A report in the Times of India Saturday suggests there are many factors involved for each board. The broadcast rights for SLC, PCB and WICB with Sony Pictures (Ten Sports) has ended, whereas the BCB’s world media rights which were sold for nearly Rs 140 crore in 2014 is due for renewal this year. South Africa were expecting income by hosting India for a series at home. Keeping these into consideration, things can go south for boards provided no cricket is played in the next six months.

“Simply put, other than India and to an extent England, the rest of the cricket world will be on a hand-to-mouth existence if this scenario continues. Nobody, not a single party (bidder) has shown interest,” a leading cricket industry executive told TOI.

The WICB has found no bidders, nor has the PCB, who have already incurred losses due to the midway termination of the PSL. BCB will be left without a broadcaster once their existing deal runs out.

“In CSA’s case, it’s a bit different. After Graeme Smith took over as the director there, he visited India and discussed an arrangement where India would tour SA for a three-match series in August or September. Now, that doesn’t look like a possibility, even though they have a leading Indian broadcaster,” sources add.

The Caribbean Premier League remains a staple of WICB and generates a large chunk of their revenue. However, with no certainty over the league taking place this year, WICB could head towards financial catastrophe.

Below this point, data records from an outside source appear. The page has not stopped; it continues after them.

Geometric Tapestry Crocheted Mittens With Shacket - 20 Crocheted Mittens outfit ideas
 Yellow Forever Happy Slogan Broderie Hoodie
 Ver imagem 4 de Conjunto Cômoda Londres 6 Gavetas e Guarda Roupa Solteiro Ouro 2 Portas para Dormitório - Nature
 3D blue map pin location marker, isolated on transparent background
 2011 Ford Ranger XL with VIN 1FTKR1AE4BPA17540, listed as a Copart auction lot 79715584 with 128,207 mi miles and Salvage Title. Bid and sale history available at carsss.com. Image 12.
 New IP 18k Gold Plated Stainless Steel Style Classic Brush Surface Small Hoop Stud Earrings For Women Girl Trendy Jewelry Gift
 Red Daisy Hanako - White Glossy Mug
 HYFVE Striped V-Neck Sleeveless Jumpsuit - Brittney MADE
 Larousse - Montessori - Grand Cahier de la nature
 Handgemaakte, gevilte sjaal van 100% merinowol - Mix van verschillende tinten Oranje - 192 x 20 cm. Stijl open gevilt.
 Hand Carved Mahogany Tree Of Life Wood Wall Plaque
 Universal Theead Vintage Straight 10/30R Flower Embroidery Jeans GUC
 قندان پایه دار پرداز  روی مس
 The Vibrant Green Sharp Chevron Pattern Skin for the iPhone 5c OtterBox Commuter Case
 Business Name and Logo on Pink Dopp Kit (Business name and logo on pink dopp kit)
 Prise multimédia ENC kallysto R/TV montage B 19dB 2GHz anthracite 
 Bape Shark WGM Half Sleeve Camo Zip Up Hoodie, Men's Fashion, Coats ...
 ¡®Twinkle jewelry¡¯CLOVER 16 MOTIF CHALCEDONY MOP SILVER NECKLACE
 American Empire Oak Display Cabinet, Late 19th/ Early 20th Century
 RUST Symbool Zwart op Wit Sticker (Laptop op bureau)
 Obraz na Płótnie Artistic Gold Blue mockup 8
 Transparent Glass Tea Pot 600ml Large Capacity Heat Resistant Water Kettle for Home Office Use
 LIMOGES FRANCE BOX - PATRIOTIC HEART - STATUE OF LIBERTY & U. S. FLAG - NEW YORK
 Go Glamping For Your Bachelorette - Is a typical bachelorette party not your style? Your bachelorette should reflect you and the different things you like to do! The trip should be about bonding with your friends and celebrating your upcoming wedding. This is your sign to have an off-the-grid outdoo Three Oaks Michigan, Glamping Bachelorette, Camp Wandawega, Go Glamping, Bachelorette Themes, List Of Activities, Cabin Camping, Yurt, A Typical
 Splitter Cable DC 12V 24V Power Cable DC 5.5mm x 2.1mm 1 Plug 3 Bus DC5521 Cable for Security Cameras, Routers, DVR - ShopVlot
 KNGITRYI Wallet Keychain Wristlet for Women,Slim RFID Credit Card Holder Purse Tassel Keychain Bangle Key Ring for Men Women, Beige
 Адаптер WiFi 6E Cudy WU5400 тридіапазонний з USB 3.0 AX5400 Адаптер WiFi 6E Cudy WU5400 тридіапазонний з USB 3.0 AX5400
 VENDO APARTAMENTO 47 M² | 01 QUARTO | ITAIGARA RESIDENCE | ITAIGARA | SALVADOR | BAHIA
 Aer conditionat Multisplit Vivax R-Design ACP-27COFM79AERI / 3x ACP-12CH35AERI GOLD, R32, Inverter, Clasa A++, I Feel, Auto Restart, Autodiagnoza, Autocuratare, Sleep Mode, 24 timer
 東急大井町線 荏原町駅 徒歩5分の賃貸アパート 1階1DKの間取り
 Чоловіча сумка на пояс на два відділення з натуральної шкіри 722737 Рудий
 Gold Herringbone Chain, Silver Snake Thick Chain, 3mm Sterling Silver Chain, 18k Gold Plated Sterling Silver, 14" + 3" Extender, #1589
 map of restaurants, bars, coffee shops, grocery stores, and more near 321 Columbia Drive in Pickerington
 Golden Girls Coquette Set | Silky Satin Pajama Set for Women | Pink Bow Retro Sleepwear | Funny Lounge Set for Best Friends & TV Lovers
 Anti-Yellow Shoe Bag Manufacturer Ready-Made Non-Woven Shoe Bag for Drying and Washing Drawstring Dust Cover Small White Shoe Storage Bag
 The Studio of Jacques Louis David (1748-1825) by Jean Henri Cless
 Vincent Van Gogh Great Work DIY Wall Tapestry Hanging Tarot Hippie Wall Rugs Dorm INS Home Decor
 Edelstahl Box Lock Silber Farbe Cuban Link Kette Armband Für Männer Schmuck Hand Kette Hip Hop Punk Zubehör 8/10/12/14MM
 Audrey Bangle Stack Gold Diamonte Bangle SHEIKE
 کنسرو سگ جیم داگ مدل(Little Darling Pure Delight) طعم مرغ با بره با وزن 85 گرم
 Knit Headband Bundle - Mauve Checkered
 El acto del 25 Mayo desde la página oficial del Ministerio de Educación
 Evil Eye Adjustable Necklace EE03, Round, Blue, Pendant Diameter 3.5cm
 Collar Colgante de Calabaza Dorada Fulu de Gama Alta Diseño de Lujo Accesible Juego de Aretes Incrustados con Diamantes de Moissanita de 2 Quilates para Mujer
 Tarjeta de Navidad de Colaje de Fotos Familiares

“Where will these boards earn from? The only other avenue to make up for the losses was through participation money in an ICC tournament. Each country earns a participation fee of around US$5m (approx. Rs 35 crore) or a little more than that from an ICC tournament. If T20 gets cancelled, they’ll lose this money too. The Asia Cup is unlikely to be held, so PCB whose turn it was to host it will end up losing substantially,” sources add.